THE IDEAL TEMPERATURE FOR LONG-TERM CELLARING WINE IS AROUND 10-14°C
DO I HAVE TO LAY THE BOTTLES DOWN?
With cork closures becoming less common, many wine drinkers are confused about this one. For wines under cork, it is definitely best to store bottles on their side, to prevent the cork from drying out, which can let air into the wine and age it prematurely, or cause faults to develop. Most sparkling wines still use corks, and these must always be stored lying down, as if the cork dries out, the bottle can slowly lose pressure – and no one likes sparkling wine that isn’t sparkling! Wines under screwcap can be stored anyway that you like. The important thing when deciding to age a screw-capped wine is to ensure that the cap is in perfect condition – if the cap is dented or damaged, it’s possible that the seal may not be perfect. A good reason to lay red wines down for long-term ageing, regardless of the closure, is sediment. As the tannins, colour pigments and acids go through complex ageing reactions, it is quite common for a small amount of sediment to fall out of red wine. Laying the bottle down for ageing means the sediment forms on the side of the bottle, and the shoulder of the bottle then helps you avoid pouring out the sediment as well as the wine. It is also a good idea to decant very old red wines into a decanter before serving, to avoid the sediment ending up in your glass. (The sediment is harmless, but it may taste slightly bitter and may have a gritty texture. No one likes a mouthful of grit!)
DOES THE WINE STILL AGE UNDER SCREWCAP?
Yes, it does. The same wine will age differently under a cork and a screw-cap, however. Cork is porous and allows a slow, tiny ingress of air which helps the ageing reactions. In general, screwcap wines will age more slowly as they are an airtight seal – which is the other reason winemakers tend to release wines that are ready to drink earlier, so you don’t have to cellar longer to compensate. Wines under screwcap do tend to be a little more forgiving of less than ideal storage temperatures as well, as there is no cork to expand and contract with changing temperatures. And the best thing – you don’t have to worry about cork taint, which can affect up to 10% of wines bottled under cork.
WILL I LIKE THE WINE BETTER ONCE IT’S AGED?
This is an interesting one. In Australia, many people don’t have much experience with wine more than a few years old. Some people actually may prefer the taste of young fruity reds and can mistakenly believe that cellared reds are past their best, because those aged flavours and colours can seem so different. Other people love the extra complexity that cellaring brings. We recommend that you explore the potential of cellaring for yourself.

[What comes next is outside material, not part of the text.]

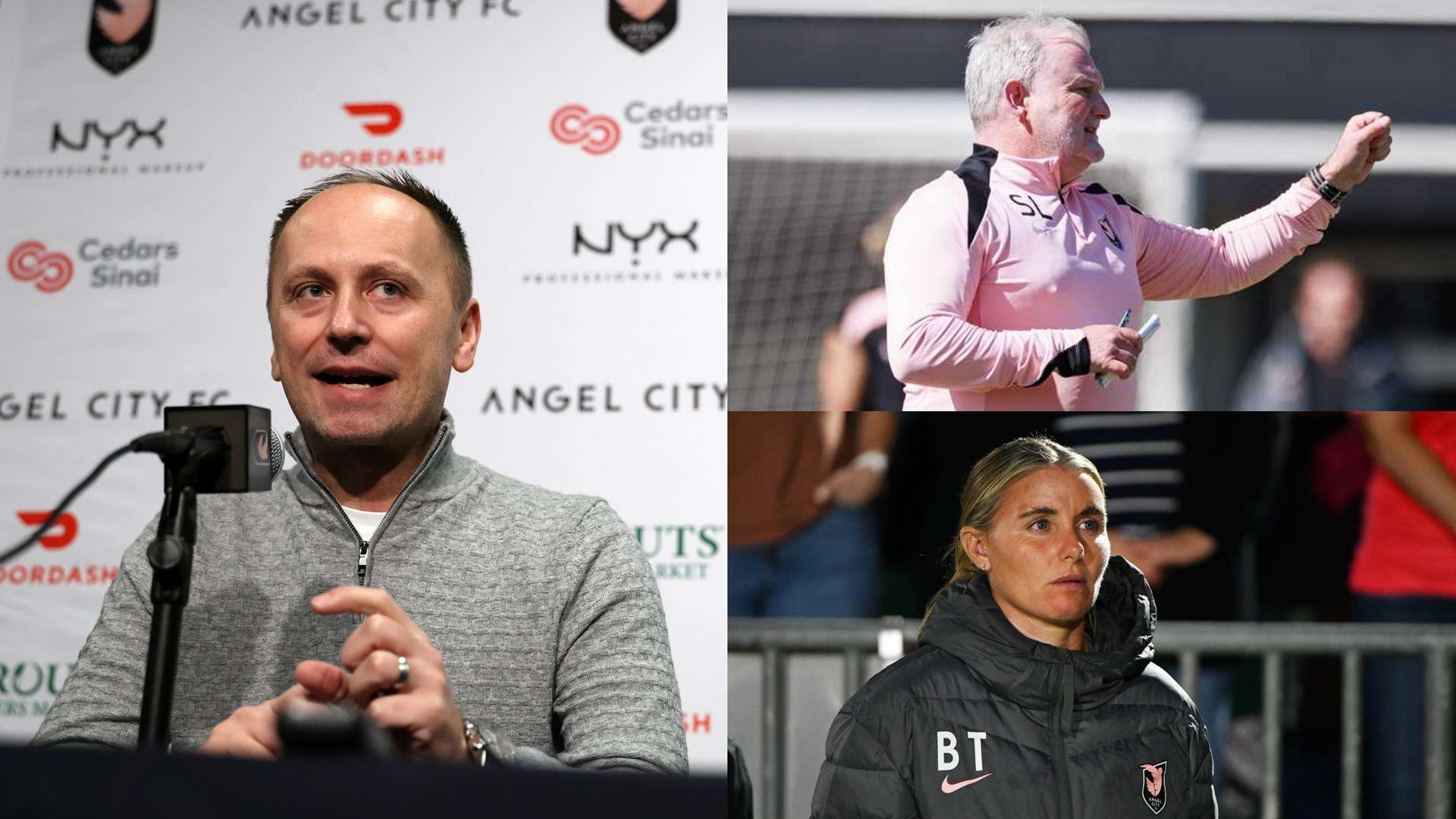 最终成为他 最终成为他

Start with a case of a single good wine (we can strongly recommend one of our Signature Collection wines) and then be disciplined – store it and drink one bottle each year. Keep a tasting diary to compare each year of ageing, and we’re sure that you’ll come to appreciate the rewards that cellaring can bring.
AS WINE AGES, SLOW INTERACTIONS HAPPEN WITH SMALL MOLECULES JOINING UP TO MAKE BIGGER ONES, MAKING THE WINE SOFTER AND MORE VELVETY.